All this is in the branch database
There is a new papis
module called database
. Now, since
the previous way of caching the documents was actually a
purelly ad-hoc solution since papis was not intended to be
used with a database, some work had to be done to actually
adopt a database model, which might be still quite crude,
that's why I'd like to discuss with you guys.
Now papis to interact with documents should always involve a database object managing the documents.
Now there are two databases in place all having an api to the rest of the papis code. The common api is logically
class Database:
def __init__(self, library=papis.config.get_lib()):
def get_lib(self):
def get_dir(self):
def match(self, document, query_string):
def clear(self):
def add(self, document):
def update(self, document):
def delete(self, document):
def query(self, query_string):
I have gathered all previous functions and sticked them
inside the papis.database.cache.Database
database.
There is an implementation too using whoosh (which is
much much faster) in papis.database.whoosh.Database
which can be selected (of course also on a library basis)

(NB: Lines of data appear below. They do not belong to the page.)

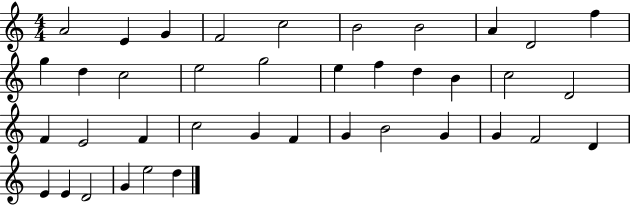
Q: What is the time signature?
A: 4/4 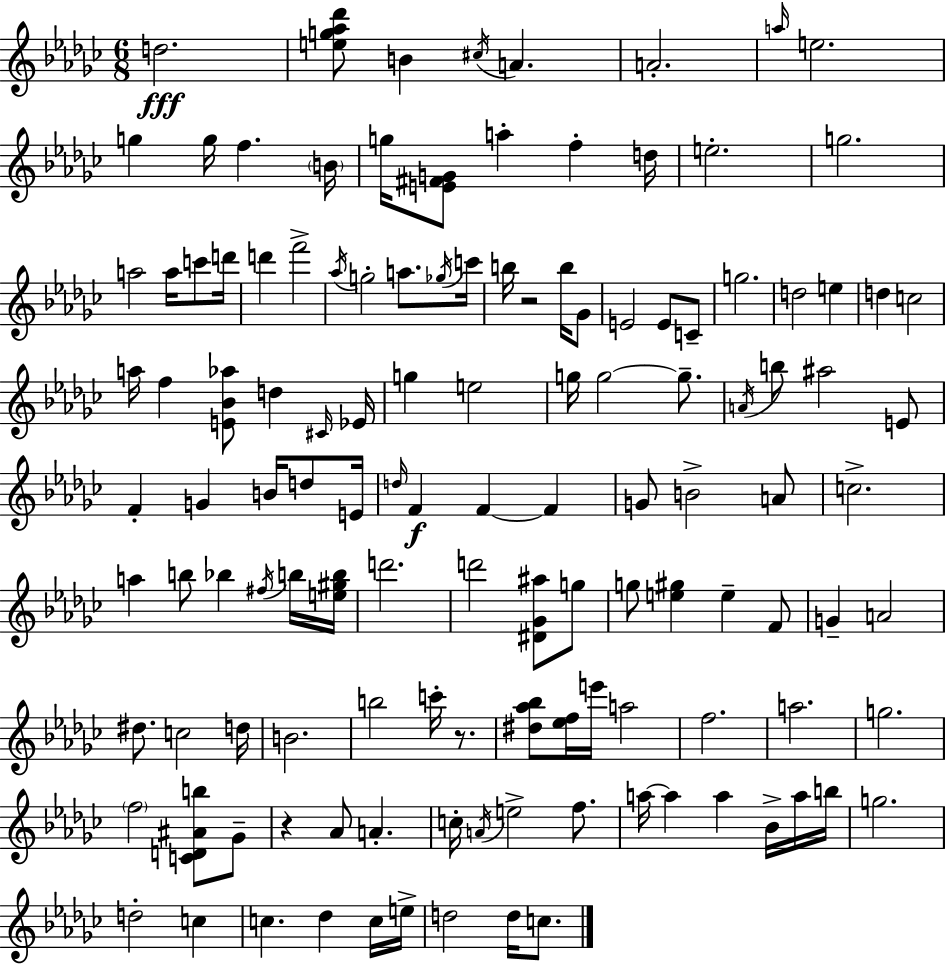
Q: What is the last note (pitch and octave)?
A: C5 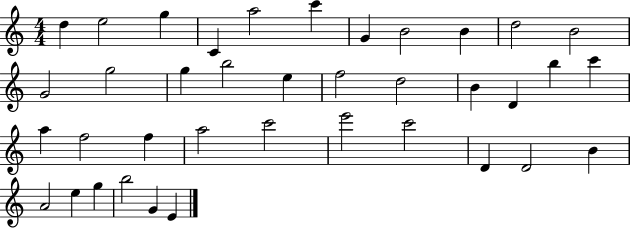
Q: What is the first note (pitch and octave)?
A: D5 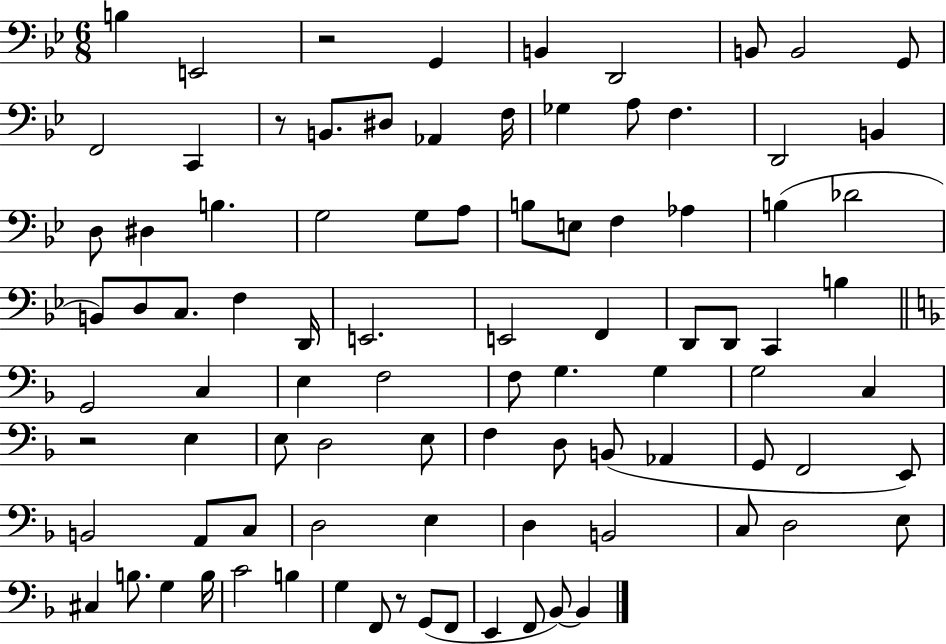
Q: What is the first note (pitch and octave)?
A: B3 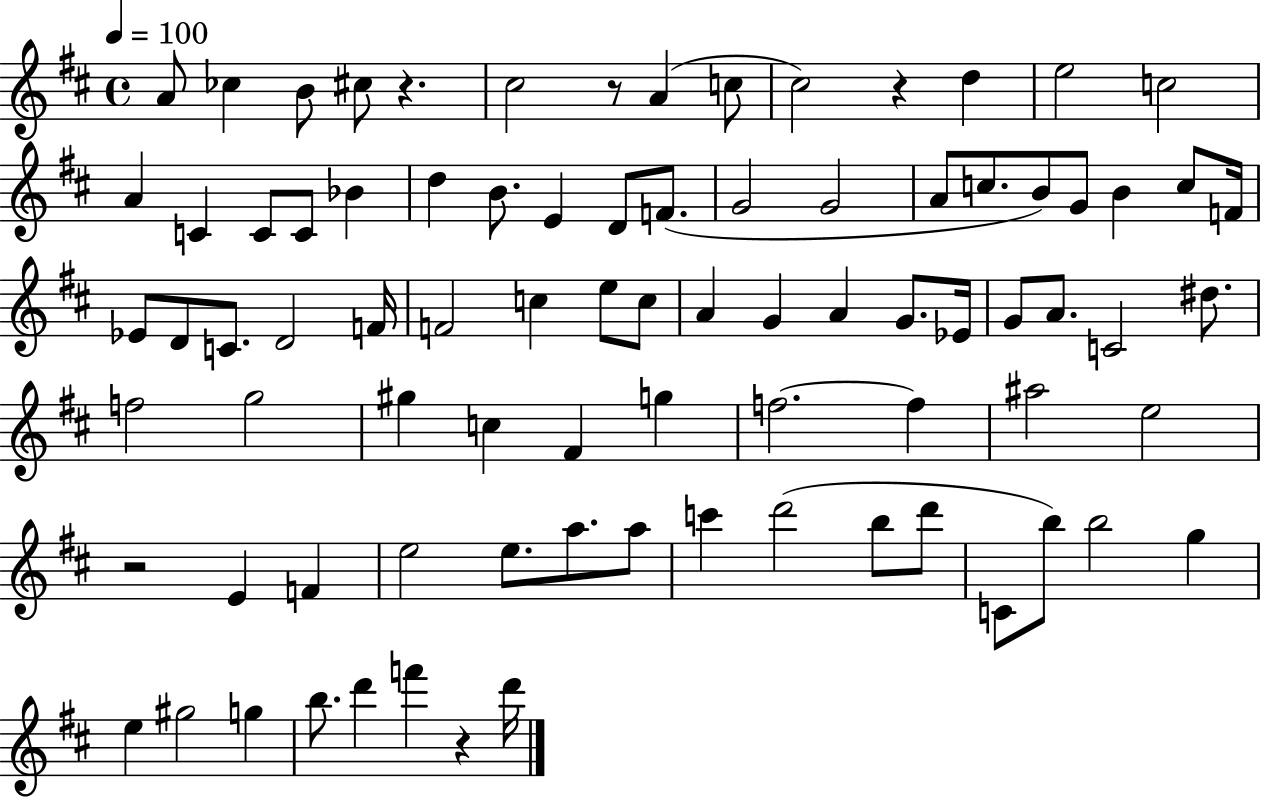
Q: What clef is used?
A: treble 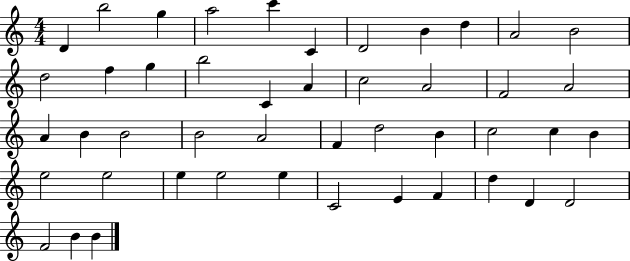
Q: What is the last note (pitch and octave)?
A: B4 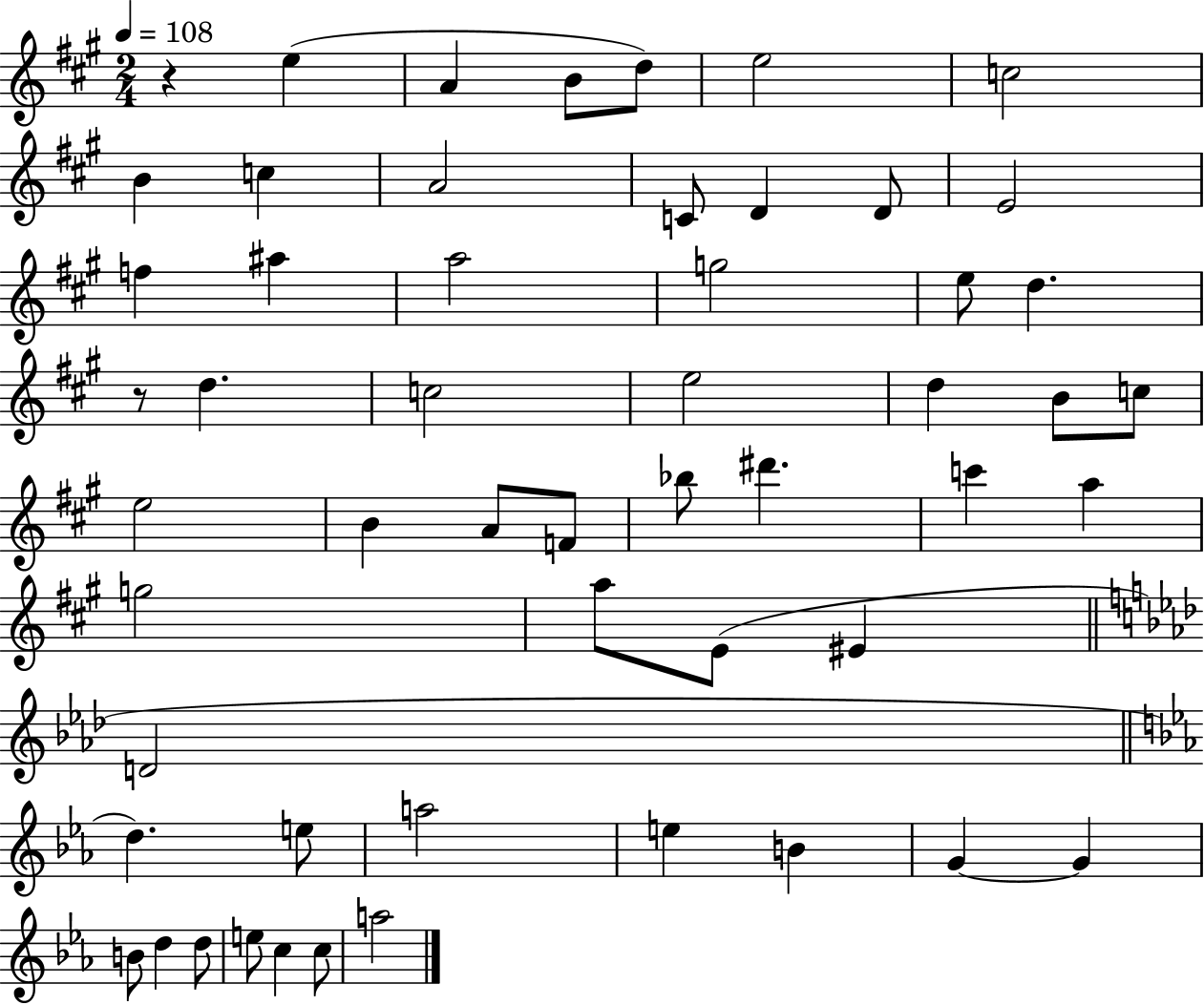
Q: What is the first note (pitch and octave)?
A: E5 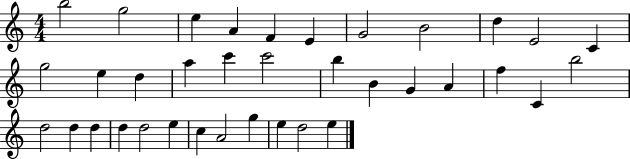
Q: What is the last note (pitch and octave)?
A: E5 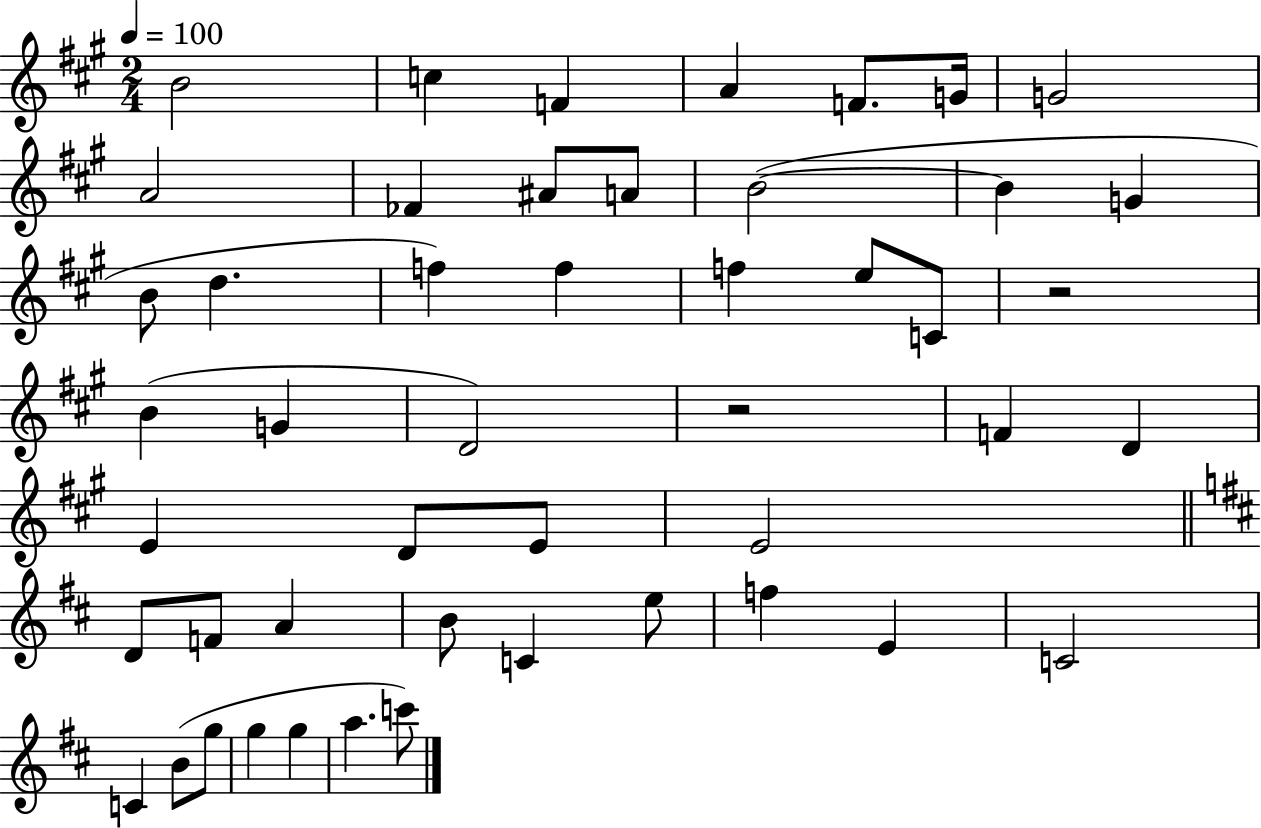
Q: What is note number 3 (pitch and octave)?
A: F4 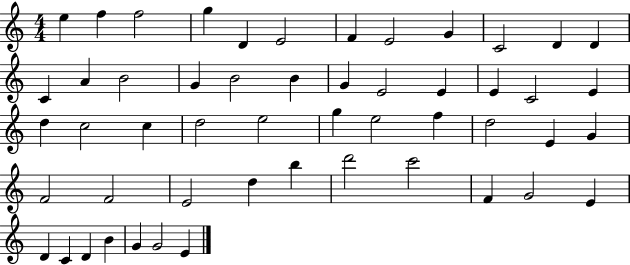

through the otion database-backend = whoosh
.
Only the rudimentary usage of whoosh is there now, that's why I'm asking if someone is interested in taking a look, and maybe learn more about whoosh and improve it, also try it. Maybe it would be a good idea to include whoosh in the next version.
Whoosh has a way more powerful query language, which supports ands and ors, i.e.
papis open author:einstein OR author:heisenberg
etc... Whoosh has really a lot of features. This means, should we use this query language for everywhere where a query language is used in papis ?
Should we kill the papis cache library ? Or leave it in place for trivial libraries and small libraries ? Or when whoosh is not available (although whoosh is pure python, which is very nice, and installing it is a charm). Maybe just using whoosh altogether and kill everything else is the way to go also to simplify the code.
Right now there are two main points in the querying. On the one hand there is the database querying, which in the case of whoosh goes like
papis open 'author:einstein OR year:1923 AND title:physik'
and then, when the database returns the documents through
the query
method, the papis picker will let the user
pick between them. This means that there is an input for the
picker, in the case of rofi
, the picking is done by rofi,
in the case of papis.pick
(curses), the picking is done
through the config option match-format
and fuzzy matching,
in the case of dmenu
through dmenu's fuzzy system etc...
So we have 2 things, querying and picking, Is this confusing? Users will be able to differentiate between both? This is very relevant for the web application for instance @PatWie.
This is a lot of information to digest, so I'll let you guys digest it for a while and if you want we can discuss a roadmap.
Thank you all !
This is now solved with version v0.6
Using Whoosh would enable a more powerful query language and probably make the queries more performant. How is the querying done currently and what would need to be done to add whoosh?